Depositions in criminal cases – Typically in a criminal trial most of the evidence for a case is given to the defendant by the prosecutor through a process called criminal discovery. The defendant does not have to make a request for anything specific in order to get discovery. This is very different from how civil cases are handled in that, in civil cases the parties must request discovery from each other in a very specific fashion by means of interrogatories, requests for admission, and depositions.
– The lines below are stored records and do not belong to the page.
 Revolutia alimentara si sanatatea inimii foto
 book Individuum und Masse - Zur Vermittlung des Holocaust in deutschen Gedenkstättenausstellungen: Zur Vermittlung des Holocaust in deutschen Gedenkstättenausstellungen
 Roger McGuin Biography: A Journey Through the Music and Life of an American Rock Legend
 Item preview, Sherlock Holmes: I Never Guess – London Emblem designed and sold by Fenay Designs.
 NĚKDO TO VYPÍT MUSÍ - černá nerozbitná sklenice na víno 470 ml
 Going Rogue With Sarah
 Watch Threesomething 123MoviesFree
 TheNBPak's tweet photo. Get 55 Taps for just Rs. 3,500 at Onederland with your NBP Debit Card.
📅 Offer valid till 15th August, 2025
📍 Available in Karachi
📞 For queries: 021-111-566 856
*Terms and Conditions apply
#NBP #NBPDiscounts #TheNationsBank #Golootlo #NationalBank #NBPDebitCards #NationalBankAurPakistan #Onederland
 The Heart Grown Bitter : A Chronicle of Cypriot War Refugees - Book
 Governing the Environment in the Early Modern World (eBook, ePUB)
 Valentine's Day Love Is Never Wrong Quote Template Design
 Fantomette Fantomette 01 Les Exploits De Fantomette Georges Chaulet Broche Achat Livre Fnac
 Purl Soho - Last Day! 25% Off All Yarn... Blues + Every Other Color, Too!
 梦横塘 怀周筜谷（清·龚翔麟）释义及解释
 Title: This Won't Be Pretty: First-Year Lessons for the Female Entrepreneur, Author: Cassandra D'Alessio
In criminal trials, evidence is entered mostly though witness testimony, however there can be evidence presented by the defense from a deposition. Criminal depositions are not a tool that is used often, nor discussed often, but they are available under North Carolina law. In this blog, we will discuss the topic of criminal depositions. Like all our blogs, this is intended for general informational purposes only, and not as a substitute for the advice and counsel of a criminal defense attorney.
What is a deposition?
A deposition is an out of court question and answer session taken while the witness is under oath just as he would if he or she were on the stand in a trial. A court reporter is present, and a transcript is made of the proceeding that can later be used in court.
*There are some differences and nuisances for depositions in civil trials that we will not discuss here.
Characteristics of criminal depositions
The law regarding criminal depositions falls under North Carolina General Statute 8-74. It allows for a criminal defendant to get a deposition from a witness prior to a trial if:
- The witness testimony would be material and important to the defense; and
- The witness would otherwise be unavailable at trial because the witness is infirm, physically incapacitated, or is a non-resident of North Carolina.
If this is utilized by the defense, the state must be given at least 10 days’ notice prior to the taking of the deposition. The state must also be allowed to send a prosecutor to be present and conduct a cross examination, if they so choose.
The purpose of these depositions is to enable the defense to have access to statements that they may introduce as evidence in the later criminal trial.
Exclusive right of the defense
Though criminal procedure tends to favor the government (in our humble opinion), this is one option that only applies to the defense. There is no statute in North Carolina that gives the state the right to initiate a deposition in a criminal action.
Generally, any witness testimony that the prosecution wants to introduce as evidence, must be done during the criminal trial.